To illustrate the issue, run:
$ ./bug43300-test2 4 6 2

The thread of the child process that sets prctl(PR_SET_PDEATHSIG) exits in 2 seconds, later on when the parent exits after 4 seconds the main thread doesn't receive SIGTERM as pdeath_signal was assigned only to the thread (that no longer exists.)

On the unpatched kernel:

$ ./bug43300-test2 4 6 2
0: main: pid=27488 self=0xb76ce6c0 ppid=27002
0: child: pid=27489 self=0xb76ce6c0 ppid=27488
0: child_thread: pid=27489 self=0xb76cdb70 ppid=27488
2: child_thread: slept 2 seconds, exiting now.
4: main: slept 4 seconds, exiting now.
6: child: slept 6 seconds, pthread_exiting now.

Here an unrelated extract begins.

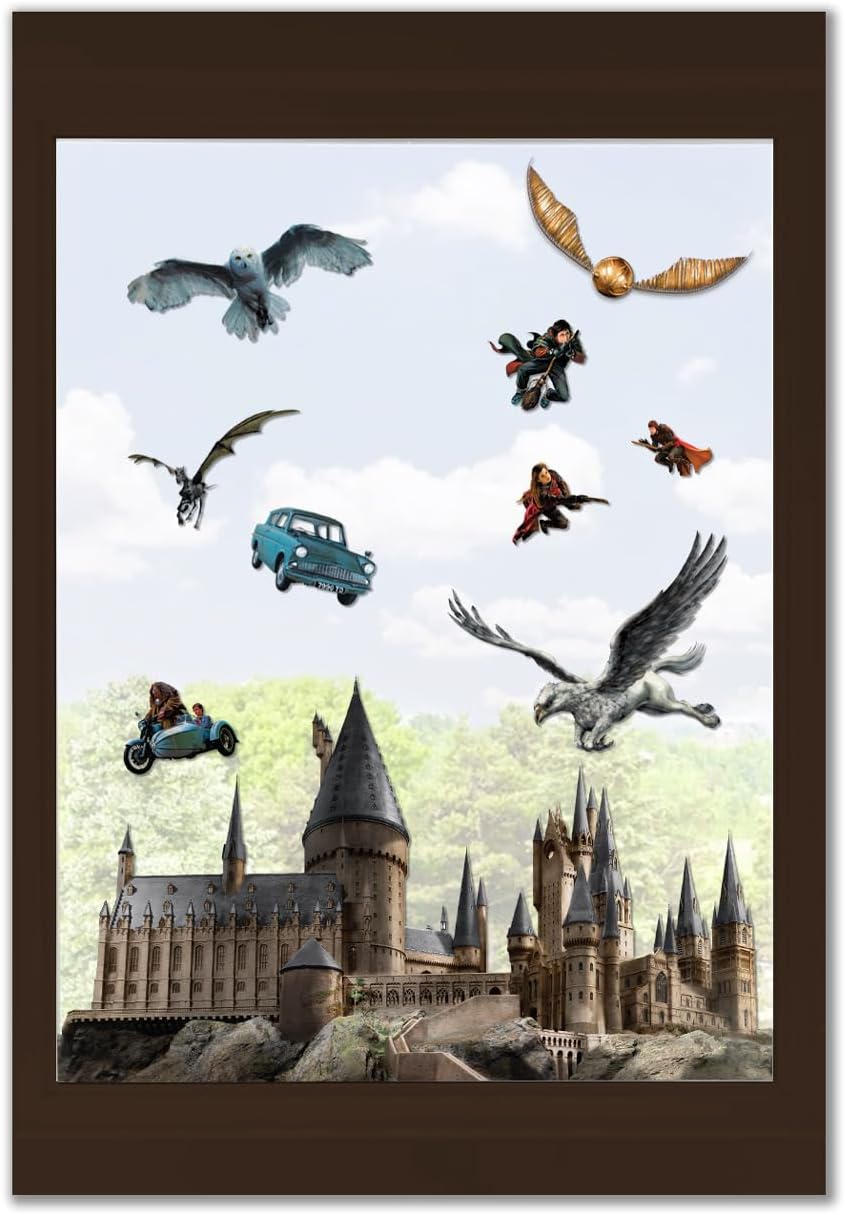 Conquest Journals Hogwarts Castle Window Cling Set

Notice there's no SIGTERM received here. The original patch doesn't fix this issue, the patch I'll attach soon (which moves pdeath_signal to signal_struct) does solve this issue.
Comment 8 Filipe Brandenburger 2012-06-07 04:06:09 UTC
Created attachment 73517 [details]
Test case illustrating prctl(PR_GET_PDEATHSIG) from a thread

Another test case, build with:
$ gcc -o bug43300-test4 bug43300-test4.c -lpthread

Run with just:
$ ./bug43300-test4

On the unpatched kernel, calling prctl(PR_GET_PDEATHSIG, &sig) from a thread of the main process returns 0 even though it was set on another thread before:

$ ./bug43300-test4 
main: setting prctl(PR_SET_PDEATHSIG, SIGTERM)
main: prctl(PR_GET_PDEATHSIG) = 15
thread: prctl(PR_GET_PDEATHSIG) = 0
child: prctl(PR_GET_PDEATHSIG) = 0

The original patch doesn't fix this issue, the new patch I'm about to attach does.
Comment 9 Filipe Brandenburger 2012-06-07 04:12:24 UTC
Created attachment 73518 [details]
Patch moving pdeath_signal from task_struct to signal_struct

As discussed with Oleg Nesterov, this patch moves pdeath_signal from task_struct to signal_struct which makes it behave a bit more sanely on cases where there are multi-threaded processes.

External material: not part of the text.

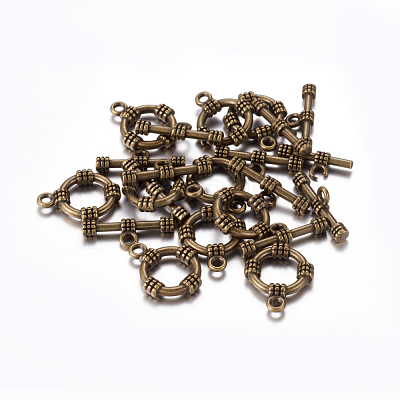 Tibetan Style Alloy Toggle Clasps MLF0141Y-NF-1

It passes the three test cases attached to this bug. Here is the output of running them on a kernel that includes the patch:

$ ./bug43300 4 2 6 thread
0: main: pid=1991 self=0xb778c900 ppid=1934
0: thread: pid=1991 self=0xb778bb40 ppid=1934
0: child: pid=1993 self=0xb778bb40 ppid=1991
2: thread: slept 2 seconds, exiting now.
4: main: slept 4 seconds, exiting now.
4: child: received SIGTERM, exiting now.

$ ./bug43300-test2 4 6 2
0: main: pid=2055 self=0xb7731900 ppid=1998
0: child: pid=2056 self=0xb7731900 ppid=2055
0: child_thread: pid=2056 self=0xb7730b40 ppid=2055
2: child_thread: slept 2 seconds, exiting now.
4: main: slept 4 seconds, exiting now.
4: child_thread: self=0xb7731900: received SIGTERM, exiting now.

$ ./bug43300-test4
main: setting prctl(PR_SET_PDEATHSIG, SIGTERM)
main: prctl(PR_GET_PDEATHSIG) = 15
thread: prctl(PR_GET_PDEATHSIG) = 15
child: prctl(PR_GET_PDEATHSIG) = 0
Comment 10 Adam H. Peterson 2012-06-07 18:26:17 UTC
This fix would be very helpful to one of the main projects we're working on at the company I work for (which I won't name, but you've heard of it).  Our current workaround is to kludge the parent process so that worker threads survive for the lifetime of the process (even if they have no more useful work to do), to prevent child processes from being signaled prematurely.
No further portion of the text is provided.